Die Schützen von Bondi Beach waren offenbar vom „IS“ inspiriert. Auf den Philippinen sollen sie eine Region besucht haben, in der es öfter zu Anschlägen kommt.

Trauer um die Opfer an einem Gedenkort in Sydney Foto: Flavio Brancaleone/reuters

afp/ap | Die beiden mutmaßlichen Todesschützen des Angriffs auf eine jüdische Feier an Sydneys berühmtem Strand Bondi Beach haben nach Angaben philippinischer Behörden fast den gesamten November auf den Philippinen verbracht. Beide Attentäter, Vater und Sohn, seien am 1. November „gemeinsam aus Sydney in die Philippinen eingereist“, sagte die Sprecherin der Einwanderungsbehörde, Dana Sandoval, am Dienstag der Nachrichtenagentur AFP. Der 50-jährige Sajid Akram gab sich demnach „als indischer Staatsbürger“ aus, sein Sohn Naveed Akram reiste als australischer Staatsbürger ein.

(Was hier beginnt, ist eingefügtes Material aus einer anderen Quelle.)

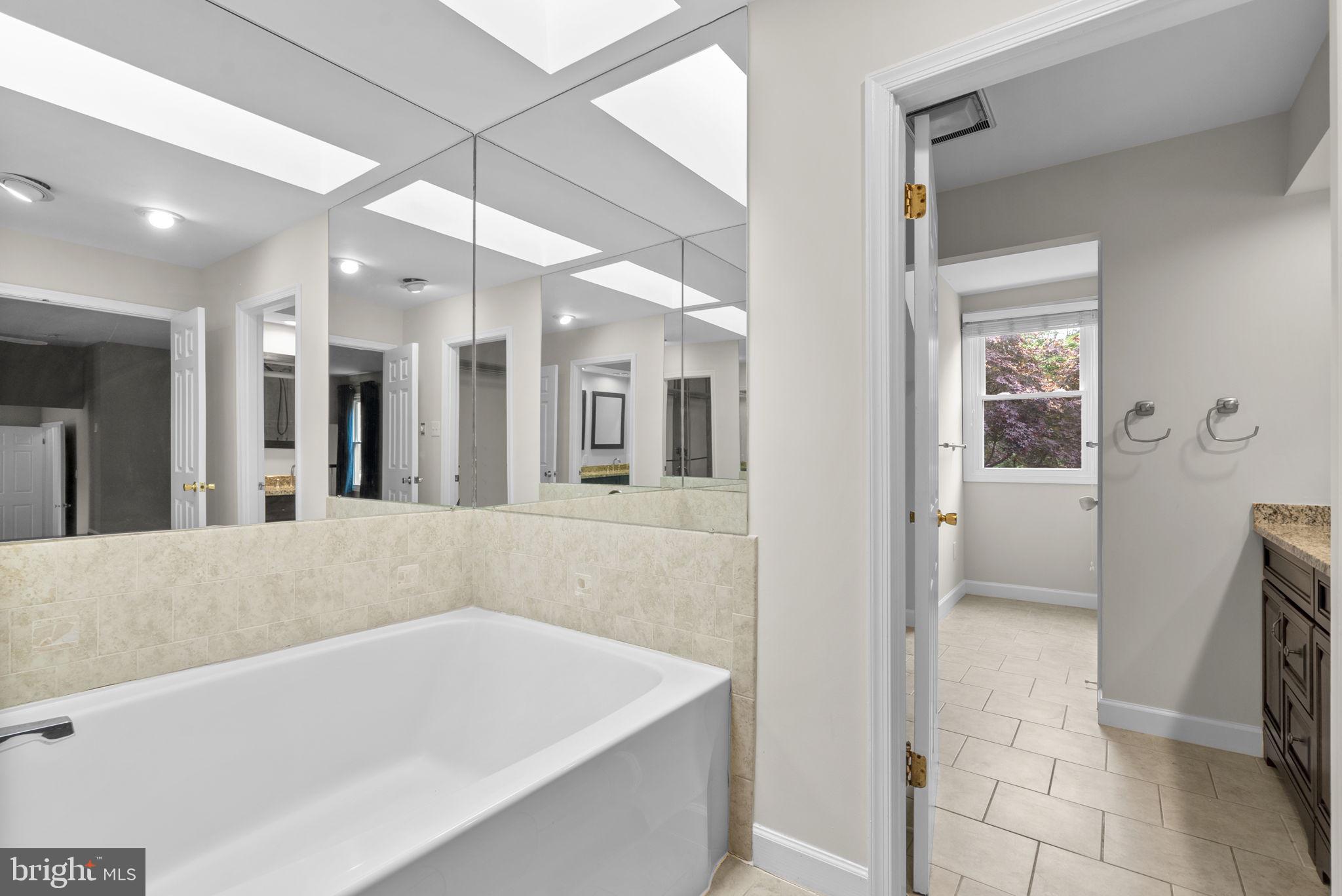 ORCHARD RIDGE - Residential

Beide hätten die Provinz Davao als Zielort angegeben und das Land am 28. November 2025 mit einem Anschlussflug von dort nach Manila mit dem Ziel Sydney wieder verlassen. Aus Polizei- und Militärkreisen hatte es zuvor gegenüber Journalisten geheißen, dass die Anwesenheit der beiden Männer im Land noch bestätigt werden müsse.

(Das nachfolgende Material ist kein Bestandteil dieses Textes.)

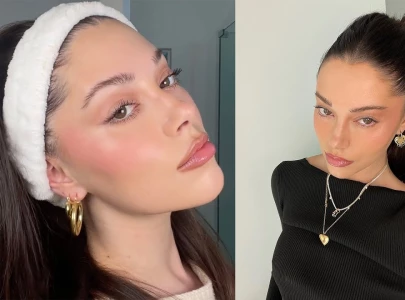 mastering the no makeup makeup look mua tips for a flawless finish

Die beiden Angreifer hatten am Sonntag auf Teilnehmer einer Feier zum jüdischen Lichterfest Chanukka gefeuert und 15 Menschen erschossen, darunter ein zehnjähriges Kind und einen Holocaust-Überlebenden. Dutzende Menschen wurden teils schwer verletzt.

Australiens Premierminister Anthony Albanese hatte am Dienstag gesagt, dass die Täter von Bondi Beach offenbar von der Ideologie der Dschihadistenmiliz Islamischer Staat (IS) angetrieben worden seien. „Es scheint, dass dies durch die Ideologie des Islamischen Staates motiviert war“, sagte er dem australischen Sender ABC. Nach Angaben der australischen Polizei wurden in einem von den beiden Schützen benutzten Fahrzeug zwei selbst gemachte IS-Flaggen und Sprengstoff gefunden.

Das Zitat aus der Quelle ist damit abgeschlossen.